Table of contents
In case you are not yet familiar with why an initramfs (or initrd, or initial ramdisk) is typically used when starting Linux, let me quote the wikipedia definition:
“[…] initrd is a scheme for loading a temporary root file system into memory, which may be used as part of the Linux startup process […] to make preparations before the real root file system can be mounted.”
Many Linux distributions do not compile all file system drivers into the kernel, but instead load them on-demand from an initramfs, which saves memory.
Another common scenario, in which an initramfs is required, is full-disk encryption: the disk must be unlocked from userspace, but since userspace is encrypted, an initramfs is used.
Motivation
Thus far, building a distri disk image was quite slow:
This is on an AMD Ryzen 3900X 12-core processor (2019):
distri % time make cryptimage serial=1
80.29s user 13.56s system 186% cpu 50.419 total # 19s image, 31s initrd
Of these 50 seconds,
dracut
’s initramfs
generation accounts for 31 seconds (62%)!
Initramfs generation time drops to 8.7 seconds once dracut
no longer needs to
use the single-threaded gzip(1)
, but the
multi-threaded replacement pigz(1)
:
This brings the total time to build a distri disk image down to:
distri % time make cryptimage serial=1
76.85s user 13.23s system 327% cpu 27.509 total # 19s image, 8.7s initrd
Clearly, when you use dracut
on any modern computer, you should make pigz
available. dracut
should fail to compile unless one explicitly opts into the
known-slower gzip. For more thoughts on optional dependencies, see “Optional
dependencies don’t work”.
But why does it take 8.7 seconds still? Can we go faster?
The answer is Yes! I recently built a distri-specific initramfs I’m calling
minitrd
. I wrote both big parts from scratch:
- the initramfs generator program (
distri initrd
) - a custom Go userland (
cmd/minitrd
), running as/init
in the initramfs.
minitrd
generates the initramfs image in ≈400ms, bringing the total time down
to:
distri % time make cryptimage serial=1
50.09s user 8.80s system 314% cpu 18.739 total # 18s image, 400ms initrd
(The remaining time is spent in preparing the file system, then installing and configuring the distri system, i.e. preparing a disk image you can run on real hardware.)
How can minitrd
be 20 times faster than dracut
?
dracut
is mainly written in shell, with a C helper program. It drives the
generation process by spawning lots of external dependencies (e.g. ldd
or the
dracut-install
helper program). I assume that the combination of using an
interpreted language (shell) that spawns lots of processes and precludes a
concurrent architecture is to blame for the poor performance.
minitrd
is written in Go, with speed as a goal. It leverages concurrency and
uses no external dependencies; everything happens within a single process (but
with enough threads to saturate modern hardware).

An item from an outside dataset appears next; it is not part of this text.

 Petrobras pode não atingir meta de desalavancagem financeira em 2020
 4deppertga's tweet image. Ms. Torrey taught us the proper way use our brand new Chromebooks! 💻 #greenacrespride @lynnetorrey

Measuring early boot time using qemu, I measured the dracut
-generated
initramfs taking 588ms to display the full disk encryption passphrase prompt,
whereas minitrd
took only 195ms.
The rest of this article dives deeper into how minitrd
works.
What does an initramfs do?
Ultimately, the job of an initramfs is to make the root file system available and continue booting the system from there. Depending on the system setup, this involves the following 5 steps:
1. Load kernel modules to access the block devices with the root file system
Depending on the system, the block devices with the root file system might
already be present when the initramfs runs, or some kernel modules might need to
be loaded first. On my Dell XPS 9360 laptop, the NVMe system disk is already
present when the initramfs starts, whereas in qemu, we need to load the
virtio_pci
module, followed by the virtio_scsi
module.
How will our userland program know which kernel modules to load? Linux kernel modules declare patterns for their supported hardware as an alias, e.g.:
initrd# grep virtio_pci lib/modules/5.4.6/modules.alias
alias pci:v00001AF4d*sv*sd*bc*sc*i* virtio_pci
Devices in sysfs
have a modalias
file whose content can be matched against
these declarations to identify the module to load:
initrd# cat /sys/devices/pci0000:00/*/modalias
pci:v00001AF4d00001005sv00001AF4sd00000004bc00scFFi00
pci:v00001AF4d00001004sv00001AF4sd00000008bc01sc00i00
[…]
Hence, for the initial round of module loading, it is sufficient to locate all
modalias
files within sysfs
and load the responsible modules.
Loading a kernel module can result in new devices appearing. When that happens,
the kernel sends a
uevent,
which the uevent consumer in userspace receives via a netlink socket. Typically,
this consumer is udev(7)
, but in our case, it’s
minitrd
.
For each uevent messages that comes with a MODALIAS
variable, minitrd
will
load the relevant kernel module(s).
When loading a kernel module, its dependencies need to be loaded
first. Dependency information is stored in the modules.dep
file in a
Makefile
-like syntax:
initrd# grep virtio_pci lib/modules/5.4.6/modules.dep
kernel/drivers/virtio/virtio_pci.ko: kernel/drivers/virtio/virtio_ring.ko kernel/drivers/virtio/virtio.ko
To load a module, we can open its file and then call the Linux-specific finit_module(2)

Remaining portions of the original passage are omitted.